An ANKUS (or ANKUSH) is a spiked elephant goad. The word is of Hindustani origin, and I remember well where I first met it: in the title of Kipling's Mowgli story, 'The King's Ankus'. Here is Kipling's description of the object that Mowgli finds among the king's treasure guarded by the great white cobra: 'It was a three-foot ankus, or elephant-goad — something like a small boat-hook. The top was one round, shining ruby and eight inches of the handle below it were studded with rough turquoises, giving a most satisfactory grip'. Obviously a fairly substantial piece would be required to stimulate such a pachydermatous beast as an elephant!

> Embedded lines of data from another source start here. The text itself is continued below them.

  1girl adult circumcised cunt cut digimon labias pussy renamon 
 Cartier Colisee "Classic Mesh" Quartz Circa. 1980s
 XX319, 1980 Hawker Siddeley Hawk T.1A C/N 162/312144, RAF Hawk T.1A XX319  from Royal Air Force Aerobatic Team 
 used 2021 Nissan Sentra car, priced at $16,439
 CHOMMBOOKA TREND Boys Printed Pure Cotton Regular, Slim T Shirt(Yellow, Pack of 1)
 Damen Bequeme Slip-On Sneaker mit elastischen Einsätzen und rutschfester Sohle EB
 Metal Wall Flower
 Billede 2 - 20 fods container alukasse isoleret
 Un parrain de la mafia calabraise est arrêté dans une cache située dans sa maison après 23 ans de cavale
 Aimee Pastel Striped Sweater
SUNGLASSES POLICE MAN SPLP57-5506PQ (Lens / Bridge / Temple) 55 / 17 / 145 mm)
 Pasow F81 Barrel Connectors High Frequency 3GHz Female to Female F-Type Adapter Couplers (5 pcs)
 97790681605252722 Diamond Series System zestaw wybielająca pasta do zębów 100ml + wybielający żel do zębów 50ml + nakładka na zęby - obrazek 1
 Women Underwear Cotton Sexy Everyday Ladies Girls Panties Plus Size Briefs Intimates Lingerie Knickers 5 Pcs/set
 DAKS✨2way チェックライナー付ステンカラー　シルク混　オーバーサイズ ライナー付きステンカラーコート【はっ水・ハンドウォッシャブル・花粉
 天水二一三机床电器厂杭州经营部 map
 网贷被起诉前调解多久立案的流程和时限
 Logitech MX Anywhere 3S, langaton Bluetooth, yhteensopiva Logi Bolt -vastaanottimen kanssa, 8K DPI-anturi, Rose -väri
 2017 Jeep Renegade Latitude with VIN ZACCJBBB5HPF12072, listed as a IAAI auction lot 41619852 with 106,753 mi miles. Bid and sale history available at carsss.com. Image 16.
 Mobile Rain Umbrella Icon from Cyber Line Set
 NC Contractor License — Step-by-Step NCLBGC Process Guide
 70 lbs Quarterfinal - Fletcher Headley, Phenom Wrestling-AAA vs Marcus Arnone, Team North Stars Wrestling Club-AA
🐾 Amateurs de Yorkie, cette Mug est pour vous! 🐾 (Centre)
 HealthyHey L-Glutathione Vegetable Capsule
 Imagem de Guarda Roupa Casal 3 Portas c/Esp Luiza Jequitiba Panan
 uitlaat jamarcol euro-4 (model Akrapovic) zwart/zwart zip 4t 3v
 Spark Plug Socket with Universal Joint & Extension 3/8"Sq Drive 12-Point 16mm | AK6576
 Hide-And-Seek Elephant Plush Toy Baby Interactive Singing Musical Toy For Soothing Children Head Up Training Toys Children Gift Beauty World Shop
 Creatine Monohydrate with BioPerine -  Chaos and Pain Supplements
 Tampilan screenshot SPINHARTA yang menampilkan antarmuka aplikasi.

Elephant management contributes various other exotic words to our Scrabble vocabulary. The driver of an elephant, who would have wielded an ANKUS, is called MAHOUT, from a Hindi word. The pavilion or seat on the back of an elephant is called a HOWDAH or HOUDAH, this time from the Arabic. And the dangerous frenzy that elephants get into at certain times, causing them to run AMOK or AMUCK, is called MUSTH. AMOK comes from the Malay amoq, frenzied, and MUSTH from the Persian mast, intoxicated. Our travellers and traders brought back so many words from that linguistic melting-pot of the world, along with rubies and spices and rare fabrics, and in their way no less precious.